Ah, ja klar - macht Sinn!


----------



## xPR1M3 (30. Januar 2019)

Was sagt ihr zu dem Monitor? Definitiv die besser Wahl statt dem ASUS MG278Q oder?

Grad bei notebooksbilliger für nur 428€ (Rabatt schon abgezogen):
Acer Predator XB271HUAbmiprz - 69 cm (27 Zoll), LED, NVidia G-Sync, 165Hz, WQHD, Höhenverstellung, DisplayPort bei notebooksbilliger.de


----------



## takan (30. Januar 2019)

ich hab den 279q von asus, besser als mein alter ips von lg, naja war auch doppelt so teuer. 
er hat (leider?) nur freesync, aber ich find ich gut.


----------



## xPR1M3 (31. Januar 2019)

Also ich hab mir gestern tatsächlich den Acer Predator XB271HUA bestellt, weil das dann doch ein echt gutes Angebot war. Hab eben nochmal rein geschaut und er ist auch schon ausverkauft - Glück gehabt 

Jetzt mal die Lieferung abwarten...


----------



## xPR1M3 (5. Februar 2019)

Soo... der Monitor ist jetzt seit drei Tagen da und ich bin soweit sehr zufrieden. Was ich euch noch als Tipp mitgeben kann ist, dass ihr beim Kauf eines 27" Monitors mit TN Panel tatsächlich auf die Entfernung zwischen Augen und Monitor achten solltet. Wenn ich den neuen Monitor genau auf den Punkt gestellt habe, wo auch mein alter stand, hab ich Probleme mit den Blickwinkeln bekommen. Da ich auf meinem Schreibtisch noch ein bisschen Luft nach hinten hatte, konnte ich das Problem aber recht leicht beheben.

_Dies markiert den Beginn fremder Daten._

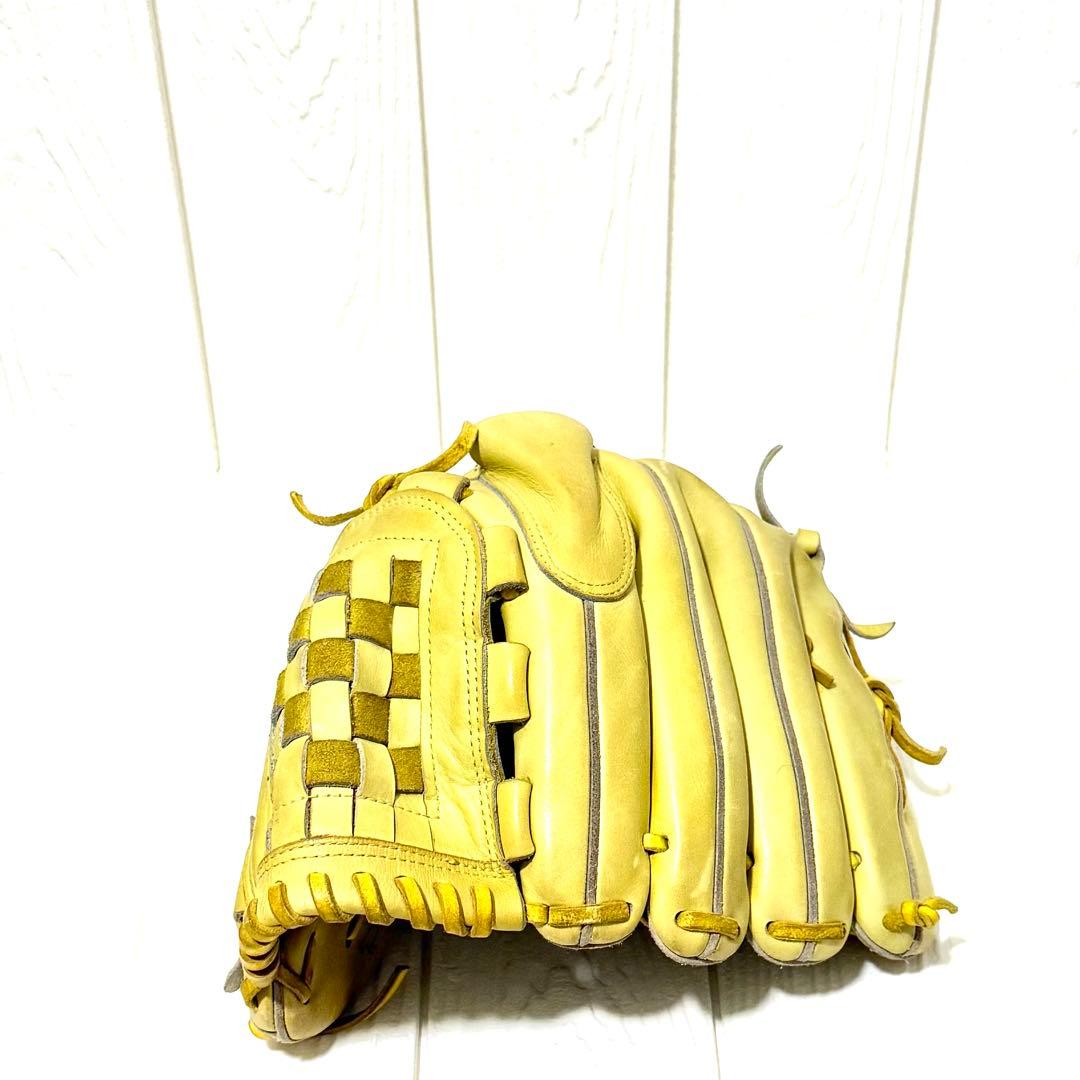 Mizuno Pro 軟式 グローブ イエロー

Jetzt hab ich noch zwei Fragen:

1. Um G-Sync richtig nutzen zu wollen muss man ja in den Games einen Limiter auf 144fps setzen. Jetzt meinte ein Kumpel das es besser wäre den Limiter auf 142 bzw. 143 FPS zu setzen, aber er konnte mir nicht erklären warum... Wisst ihr warum? Oder stimmt das gar nicht?

2. Ich hab die Möglichkeit meinen Monitor auf 165hz zu "übertakten". Hat das irgendwelche Nachteile? Oder ist es besser den Monitor mit den nativen 144hz zu betreiben?


----------



## PCGH_Manu (5. Februar 2019)

1. Weil du bei genau 144 Fps Vsync-bedingten Input Lag erhältst oder ohne Vsync eben Tearing. Kein Limiter funktioniert perfekt, daher einige Fps drunter setzen.

1. Nimm 165 Hz, sollte genau so gut problemlos funktionieren. Es gibt eigentlich keinen Grund, hier nicht zu übertakten. Hier gilt dasselbe fürs Fps-Limit.


----------



## xPR1M3 (6. Februar 2019)

Gecheckt! Vielen Dank für eure Hilfe.


----------